SFを成立させる虚構…5
スターウォーズ公開は社会現象でした。
スターウォーズの最初の三作を見たのは、もう、ずいぶん昔のことです。キャリー・フィッシャーのレイア姫が印象的でした。ハリソン・フォードも若かったですね。第一作の冒頭で、画面に覆いかぶさるようにして現れる帝国側の宇宙船の爽快感、あれは残念ながら小説では再現できない映像の快挙でした。
このシリーズの宇宙船の造形センスは『2001年宇宙の旅』から継承されたもので、今までの映像作品には登場したことのないリアリティを発散していました。
映像SFに観客が期待する夢を見事に提示することで、以後、登場するSF映画に多大な影響を与えました。
それまでアメリカ映画が作ってきた、面白いけれどある種のいかがわしさをまとっていたSFというジャンルに新しい解釈をスターウォーズは与えました。
それはSFの大衆化、と言ってもいいでしょう。暗黒の空間で宇宙戦闘機の壮烈なバトルが繰り広げられる、という場面もスターウォーズによって完成度の高いスペクタクルとして観客に提供されました。

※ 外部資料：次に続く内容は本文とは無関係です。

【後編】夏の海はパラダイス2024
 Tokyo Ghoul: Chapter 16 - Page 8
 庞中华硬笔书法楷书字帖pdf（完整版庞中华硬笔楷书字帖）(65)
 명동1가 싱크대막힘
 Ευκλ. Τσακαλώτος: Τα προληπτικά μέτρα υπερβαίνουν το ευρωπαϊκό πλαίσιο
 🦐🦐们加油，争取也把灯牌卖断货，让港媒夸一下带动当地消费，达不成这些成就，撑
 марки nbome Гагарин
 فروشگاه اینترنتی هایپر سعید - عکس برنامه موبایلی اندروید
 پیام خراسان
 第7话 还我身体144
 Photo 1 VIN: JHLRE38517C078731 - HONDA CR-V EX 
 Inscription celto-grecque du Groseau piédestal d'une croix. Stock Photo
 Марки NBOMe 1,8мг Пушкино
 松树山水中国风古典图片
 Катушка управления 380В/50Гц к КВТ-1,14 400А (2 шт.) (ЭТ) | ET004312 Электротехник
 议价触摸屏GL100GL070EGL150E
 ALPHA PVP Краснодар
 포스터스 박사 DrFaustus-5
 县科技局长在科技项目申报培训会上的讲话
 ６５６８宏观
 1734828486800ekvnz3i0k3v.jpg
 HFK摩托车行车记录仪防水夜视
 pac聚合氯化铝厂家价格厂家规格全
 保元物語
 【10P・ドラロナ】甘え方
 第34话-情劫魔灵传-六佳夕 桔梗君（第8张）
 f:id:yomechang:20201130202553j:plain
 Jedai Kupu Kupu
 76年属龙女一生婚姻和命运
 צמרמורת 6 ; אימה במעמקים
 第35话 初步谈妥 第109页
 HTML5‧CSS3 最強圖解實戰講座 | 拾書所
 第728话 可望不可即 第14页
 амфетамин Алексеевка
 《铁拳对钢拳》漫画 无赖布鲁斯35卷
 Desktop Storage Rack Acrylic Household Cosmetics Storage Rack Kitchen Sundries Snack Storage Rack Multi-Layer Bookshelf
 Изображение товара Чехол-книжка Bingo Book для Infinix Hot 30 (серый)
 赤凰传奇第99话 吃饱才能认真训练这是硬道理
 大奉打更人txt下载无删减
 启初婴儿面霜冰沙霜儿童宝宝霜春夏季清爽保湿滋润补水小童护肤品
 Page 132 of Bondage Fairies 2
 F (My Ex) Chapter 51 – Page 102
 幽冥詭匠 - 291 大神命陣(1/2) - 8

私は、スターウォーズによって、宇宙SFが追求してきたのひとつの役割が終了したと思います。小説ではあれだけの場面は再現できません。
文章には追求すべき別の道があると思います。書くべき材料は豊富です。何を書くにしろ、そこには宇宙に対する畏怖という思いはあるべきと考えるのですが。
読んでいただきありがとうございました。